Shared by Chris Houston, owner of Feral.


Venison Neck Osso Buco


For 1 Batch(es)


  • 2 venison neck roasts (about 3-5 lbs total)
  • salt and pepper, to taste
  • olive oil
  • 1 cups diced carrots
  • 1 cups diced onion
  • 6 garlic cloves, minced
  • 1/2 cups diced celery
  • 2 cups red wine
  • 28 ounces whole, peeled tomatoes

Venison Neck Osso Buco Directions

  1. Heat the oven to 300°.
  2. Season the venison neck roasts generously with salt and pepper.
  3. Heat the olive oil in a heavy Dutch oven over medium-high heat and sear the venison on both sides.
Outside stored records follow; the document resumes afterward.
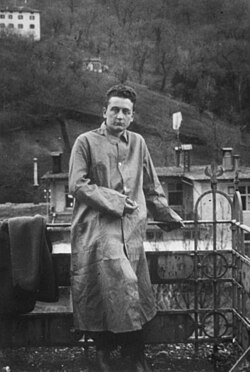Szent-Györgyi in 1917 Italy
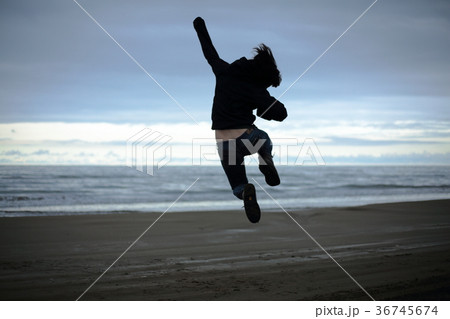 ジャンプ 36745674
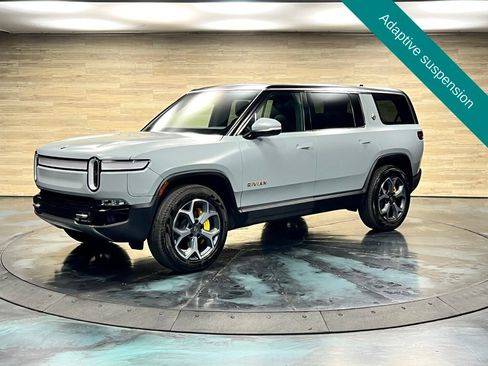 Used 2024 Rivian R1S Adventure AWD/4WD image 5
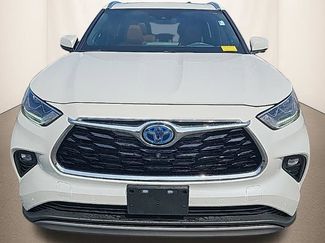 Used 2022 Toyota Highlander Platinum video 2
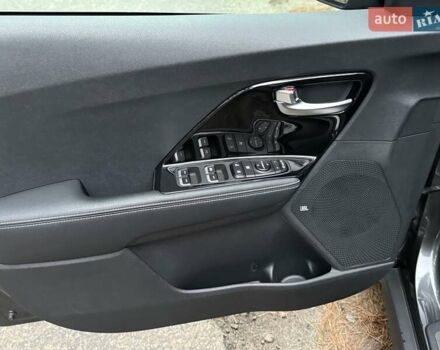 Сірий Кіа Niro, об'ємом двигуна 0 л та пробігом 72 тис. км за 22999 $, фото 42 на Automoto.ua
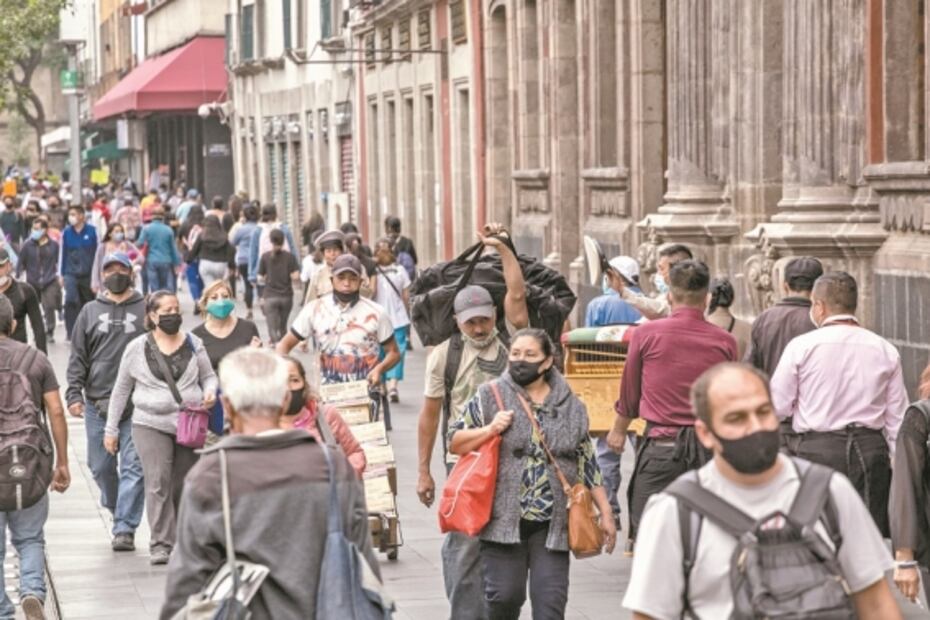Capitalinos abarrotan, de nuevo, calles del Centro Histórico 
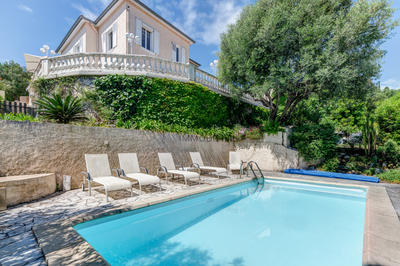 Villa - 280 m² - 8 pièces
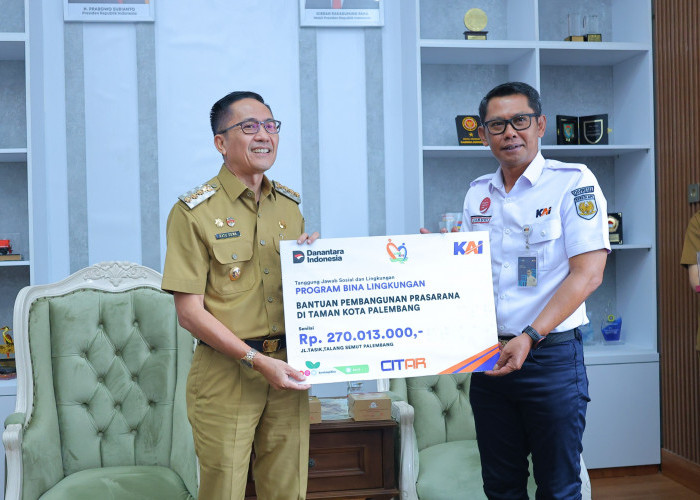 Wali Kota Ratu Dewa Terima Bantuan CSR PT KAI Rp270 Juta untuk Percantik Taman Kota Palembang
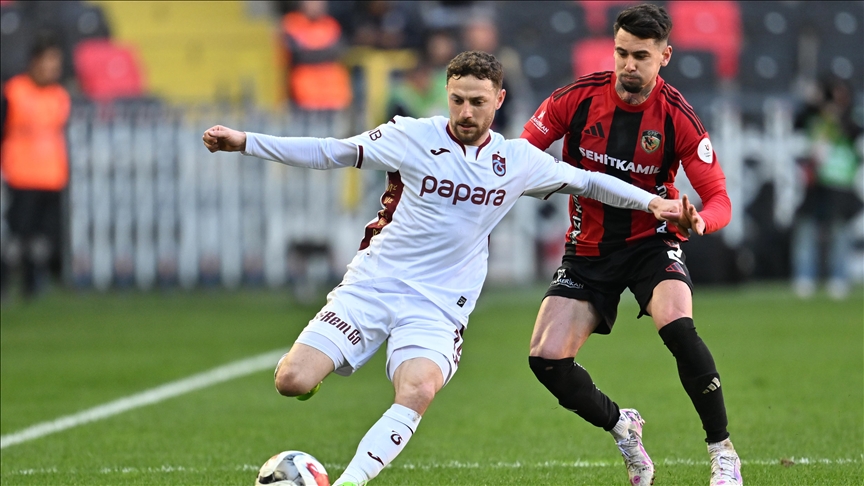 Trabzonspor deplasmanda galip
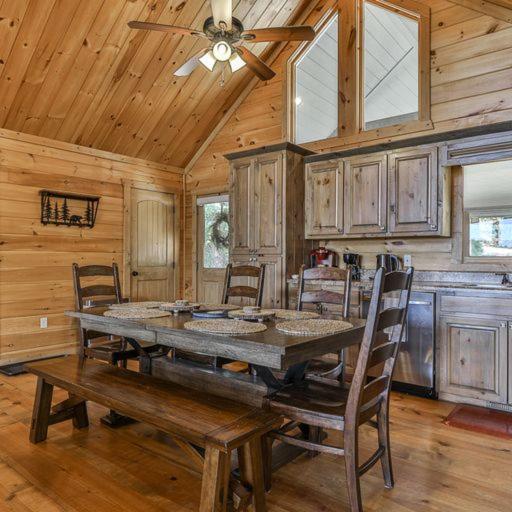 Spacious but cozy, secluded but close to everything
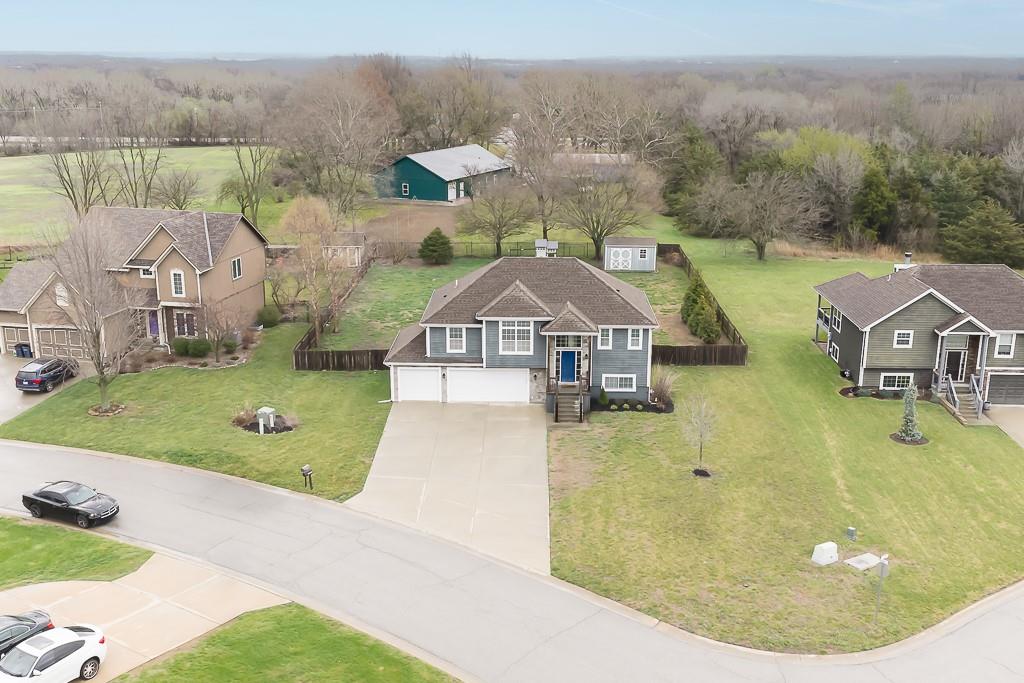 6983 141st Street Basehor, KS 66007 - Photo 2 of 28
Remove to a plate and set aside.
  4. Add the carrots, onions, garlic and celery to the Dutch oven and sauté until vegetables begin to soften—about 10 minutes.
  5. Deglaze the pan with red wine—scraping up brown, sticky bits from the bottom of the pan.
  6. Drain the tomatoes and add to the pan—crushing them well with your hands as they’re added. Give everything a good stir, simmer for another 5 minutes, taste and correct seasoning, then return the venison to the pan.
  7. Add 2 cups of water to bring the liquid about halfway up the sides of the meat. Cover the pot and place in the oven.
  8. Braise for 4 to 5 hours, until the meat is falling-apart tender. Check occasionally to make sure the pan is not drying out, adding water as needed.
  9. Serve with polenta, buttered noodles or roasted potatoes.